In the beginning…there was LXC. Docker was a monolith then or more precisely, Docker daemon was a monolith! No secret today. In its defense, it was a very small project and very ambitious project then and no one would knew, how it would be adopted. When Docker was first released, the Docker engine had two major components:
- The Docker daemon (or just daemon)
The Docker daemon was a monolithic binary. It contained all of the code for the Docker client, the Docker API, the container runtime, image builds, and much more. LXC provided the daemon with access to the fundamental building-blocks of containers that existed in the Linux kernel.
But LXC was always an issue. It was hard to understand, implement and perhaps more importantly, Linux-specific. Its Linux-specific nature was eventually become a hinderance, to the later developed wider goals, such as being platform agnostic and that eventually lead to development to container runtimes such as runV, Kata, nabla, etc.) In the words of Docker Inc itself, the container start times were in order of minutes then and was a lot of pain:
There were further issues with the debugging, security, container management etc.
Eventually, Docker team developed their own tool called libcontainer as a replacement for LXC. The goal of libcontainer was to be a platform-agnostic tool that provided Docker with access to the fundamental container building-blocks that exist in the host kernel.
Libcontainer replaced LXC as the default execution driver in Docker 0.9. And it made life easier. It achieved this by dumping lot of additional functionalities they didn’t needed such as DHCP, upstart, dnsmacq, etc and replacing some such as init, etc
Community folks saw that and they said that Let there be Docker...

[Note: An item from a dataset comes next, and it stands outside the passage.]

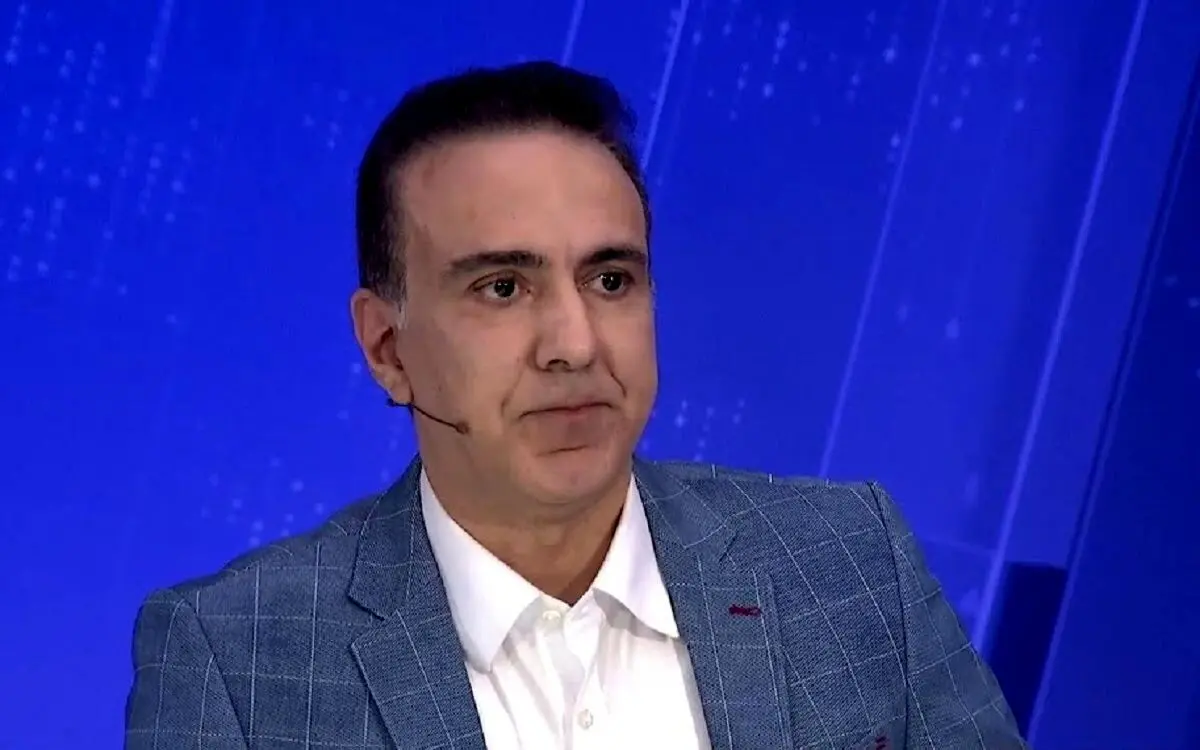بیوگرافی مزدک میرزایی مجری سرشناس در شبکه معاند اینترنشنال | عکس‌های خصوصی و داستان زندگی از فوتبال تا مهاجرت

Getting Rid of the monolithic Docker Daemon
Over the period of time, the monolithic nature of the Docker daemon became more and more problematic:
- It was hard to innovate on
- It got slower
- It was not what the ecosystem wanted
Docker team was aware of these challenges. At the same time, containers became immensely popular. There was a lot of folks interested in doing all kind of things they can and were doing at that time. So, Docker, Google, CoreOS etc came together and founded open containers initiative (OCI). It launched two specifications:
- Runtime Specification (runtime-spec) – It outlines how to run a filesystem bundle that is unpacked on disk. At a high-level an OCI implementation would download an OCI Image, then unpack that image into an OCI Runtime filesystem bundle. At this point, the OCI Runtime Bundle would be run by an OCI Runtime.

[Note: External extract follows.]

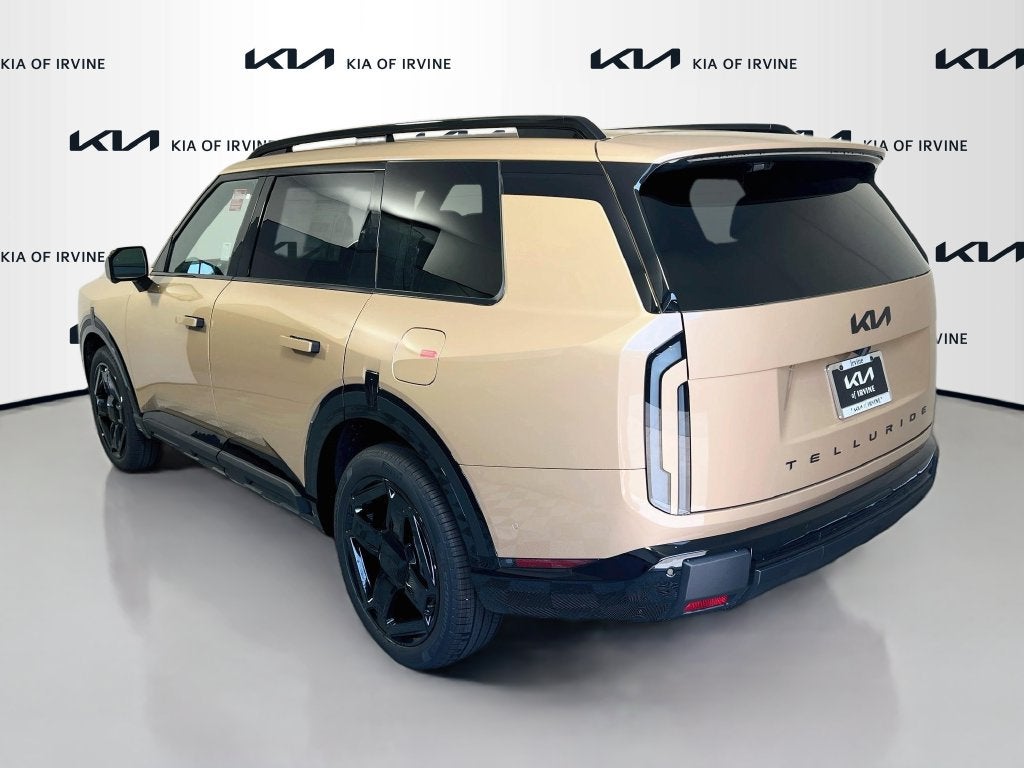 2027 Kia Telluride X-Line SX-Prestige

- Image Specification (image-spec) – The OCI Image Format contains sufficient information to launch the application on the target platform (e.g. command, arguments, environment variables, etc). This specification defines how to create an OCI Image, which will generally be done by a build system, and output an image manifest, a filesystem (layer) serialization, and an image configuration.
Both specifications were released as version 1.0 in July 2017. Since then these specifications have been mostly stable. The latest image spec is v1.0.1, released in November 2017. The latest runtime spec is v1.0.2, released March 2020.
The team at Docker, Inc took a huge effort and re-factored and divided these into small individual components such as containerd, runc, shim etc. They also made it regression less at that time:
As of Docker 1.11 (early 2016), the Docker engine implements the OCI specifications as closely as possible. For example, the Docker daemon no longer contains any container runtime code — all container runtime code is implemented in a separate OCI-compliant layer. By default, Docker uses runc for this. runc is the reference implementation of the OCI container-runtime-spec. As well as this, the containerd component of the Docker Engine makes sure Docker images are presented to runc as valid OCI bundles.
Also, containerd was donated to CNCF in Mar 2017 and runc was donated to the OCI. They have been embraced and managed separately by the community.